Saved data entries
--------------------------------

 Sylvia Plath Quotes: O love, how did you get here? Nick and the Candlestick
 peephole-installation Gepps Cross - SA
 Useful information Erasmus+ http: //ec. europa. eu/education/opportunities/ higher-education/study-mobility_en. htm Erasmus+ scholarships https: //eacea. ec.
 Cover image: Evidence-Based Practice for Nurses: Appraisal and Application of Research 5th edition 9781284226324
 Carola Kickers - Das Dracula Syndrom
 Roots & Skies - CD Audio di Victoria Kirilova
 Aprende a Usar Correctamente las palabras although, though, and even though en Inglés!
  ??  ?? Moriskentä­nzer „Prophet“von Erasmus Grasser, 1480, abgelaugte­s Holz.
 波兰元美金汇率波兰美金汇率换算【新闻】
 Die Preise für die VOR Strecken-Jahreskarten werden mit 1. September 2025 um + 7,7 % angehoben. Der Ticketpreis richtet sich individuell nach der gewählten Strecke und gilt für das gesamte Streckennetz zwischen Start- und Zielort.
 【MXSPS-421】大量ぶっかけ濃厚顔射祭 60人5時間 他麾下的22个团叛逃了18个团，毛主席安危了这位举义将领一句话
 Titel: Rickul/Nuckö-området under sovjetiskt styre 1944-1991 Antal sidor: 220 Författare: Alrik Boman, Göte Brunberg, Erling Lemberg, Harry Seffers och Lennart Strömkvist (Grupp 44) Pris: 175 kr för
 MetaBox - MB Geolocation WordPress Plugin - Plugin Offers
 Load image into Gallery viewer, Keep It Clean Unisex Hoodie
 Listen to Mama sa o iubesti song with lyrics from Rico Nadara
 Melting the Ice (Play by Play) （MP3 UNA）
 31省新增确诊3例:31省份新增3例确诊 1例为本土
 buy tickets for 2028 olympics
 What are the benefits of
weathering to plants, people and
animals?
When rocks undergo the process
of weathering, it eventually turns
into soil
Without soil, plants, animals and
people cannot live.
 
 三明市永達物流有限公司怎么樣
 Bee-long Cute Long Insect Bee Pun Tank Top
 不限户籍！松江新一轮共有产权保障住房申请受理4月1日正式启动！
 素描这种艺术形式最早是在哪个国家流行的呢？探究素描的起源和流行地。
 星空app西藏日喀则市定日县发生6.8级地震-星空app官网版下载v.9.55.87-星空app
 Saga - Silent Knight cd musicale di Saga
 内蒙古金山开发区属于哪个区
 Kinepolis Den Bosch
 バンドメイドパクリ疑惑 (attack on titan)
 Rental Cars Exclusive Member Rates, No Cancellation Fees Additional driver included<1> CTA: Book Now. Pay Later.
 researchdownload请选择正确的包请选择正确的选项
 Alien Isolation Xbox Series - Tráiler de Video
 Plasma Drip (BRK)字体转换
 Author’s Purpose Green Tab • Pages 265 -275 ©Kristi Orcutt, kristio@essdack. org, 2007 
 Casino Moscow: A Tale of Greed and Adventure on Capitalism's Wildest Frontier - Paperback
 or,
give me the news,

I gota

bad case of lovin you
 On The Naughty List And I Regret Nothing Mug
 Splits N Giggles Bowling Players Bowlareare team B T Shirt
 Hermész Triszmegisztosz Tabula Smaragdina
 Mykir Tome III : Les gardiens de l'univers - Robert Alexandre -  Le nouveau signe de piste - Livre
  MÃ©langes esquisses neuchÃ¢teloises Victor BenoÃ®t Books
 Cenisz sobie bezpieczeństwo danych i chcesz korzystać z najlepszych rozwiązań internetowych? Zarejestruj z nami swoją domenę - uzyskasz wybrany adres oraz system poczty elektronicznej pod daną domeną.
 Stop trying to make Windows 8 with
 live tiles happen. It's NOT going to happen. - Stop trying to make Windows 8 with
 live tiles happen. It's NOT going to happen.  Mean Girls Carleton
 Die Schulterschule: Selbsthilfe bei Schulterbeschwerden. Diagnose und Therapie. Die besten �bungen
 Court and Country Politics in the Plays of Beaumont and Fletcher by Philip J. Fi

--------------------------------

Exercise directions:
The answer must be the data above, repeated exactly as it stands.

Written response:
 Sylvia Plath Quotes: O love, how did you get here? Nick and the Candlestick
 peephole-installation Gepps Cross - SA
 Useful information Erasmus+ http: //ec. europa. eu/education/opportunities/ higher-education/study-mobility_en. htm Erasmus+ scholarships https: //eacea. ec.
 Cover image: Evidence-Based Practice for Nurses: Appraisal and Application of Research 5th edition 9781284226324
 Carola Kickers - Das Dracula Syndrom
 Roots & Skies - CD Audio di Victoria Kirilova
 Aprende a Usar Correctamente las palabras although, though, and even though en Inglés!
  ??  ?? Moriskentä­nzer „Prophet“von Erasmus Grasser, 1480, abgelaugte­s Holz.
 波兰元美金汇率波兰美金汇率换算【新闻】
 Die Preise für die VOR Strecken-Jahreskarten werden mit 1. September 2025 um + 7,7 % angehoben. Der Ticketpreis richtet sich individuell nach der gewählten Strecke und gilt für das gesamte Streckennetz zwischen Start- und Zielort.
 【MXSPS-421】大量ぶっかけ濃厚顔射祭 60人5時間 他麾下的22个团叛逃了18个团，毛主席安危了这位举义将领一句话
 Titel: Rickul/Nuckö-området under sovjetiskt styre 1944-1991 Antal sidor: 220 Författare: Alrik Boman, Göte Brunberg, Erling Lemberg, Harry Seffers och Lennart Strömkvist (Grupp 44) Pris: 175 kr för
 MetaBox - MB Geolocation WordPress Plugin - Plugin Offers
 Load image into Gallery viewer, Keep It Clean Unisex Hoodie
 Listen to Mama sa o iubesti song with lyrics from Rico Nadara
 Melting the Ice (Play by Play) （MP3 UNA）
 31省新增确诊3例:31省份新增3例确诊 1例为本土
 buy tickets for 2028 olympics
 What are the benefits of
weathering to plants, people and
animals?
When rocks undergo the process
of weathering, it eventually turns
into soil
Without soil, plants, animals and
people cannot live.
 
 三明市永達物流有限公司怎么樣
 Bee-long Cute Long Insect Bee Pun Tank Top
 不限户籍！松江新一轮共有产权保障住房申请受理4月1日正式启动！
 素描这种艺术形式最早是在哪个国家流行的呢？探究素描的起源和流行地。
 星空app西藏日喀则市定日县发生6.8级地震-星空app官网版下载v.9.55.87-星空app
 Saga - Silent Knight cd musicale di Saga
 内蒙古金山开发区属于哪个区
 Kinepolis Den Bosch
 バンドメイドパクリ疑惑 (attack on titan)
 Rental Cars Exclusive Member Rates, No Cancellation Fees Additional driver included<1> CTA: Book Now. Pay Later.
 researchdownload请选择正确的包请选择正确的选项
 Alien Isolation Xbox Series - Tráiler de Video
 Plasma Drip (BRK)字体转换
 Author’s Purpose Green Tab • Pages 265 -275 ©Kristi Orcutt, kristio@essdack. org, 2007 
 Casino Moscow: A Tale of Greed and Adventure on Capitalism's Wildest Frontier - Paperback
 or,
give me the news,

I gota

bad case of lovin you
 On The Naughty List And I Regret Nothing Mug
 Splits N Giggles Bowling Players Bowlareare team B T Shirt
 Hermész Triszmegisztosz Tabula Smaragdina
 Mykir Tome III : Les gardiens de l'univers - Robert Alexandre -  Le nouveau signe de piste - Livre
  MÃ©langes esquisses neuchÃ¢teloises Victor BenoÃ®t Books
 Cenisz sobie bezpieczeństwo danych i chcesz korzystać z najlepszych rozwiązań internetowych? Zarejestruj z nami swoją domenę - uzyskasz wybrany adres oraz system poczty elektronicznej pod daną domeną.
 Stop trying to make Windows 8 with
 live tiles happen. It's NOT going to happen. - Stop trying to make Windows 8 with
 live tiles happen. It's NOT going to happen.  Mean Girls Carleton
 Die Schulterschule: Selbsthilfe bei Schulterbeschwerden. Diagnose und Therapie. Die besten �bungen
 Court and Country Politics in the Plays of Beaumont and Fletcher by Philip J. Fi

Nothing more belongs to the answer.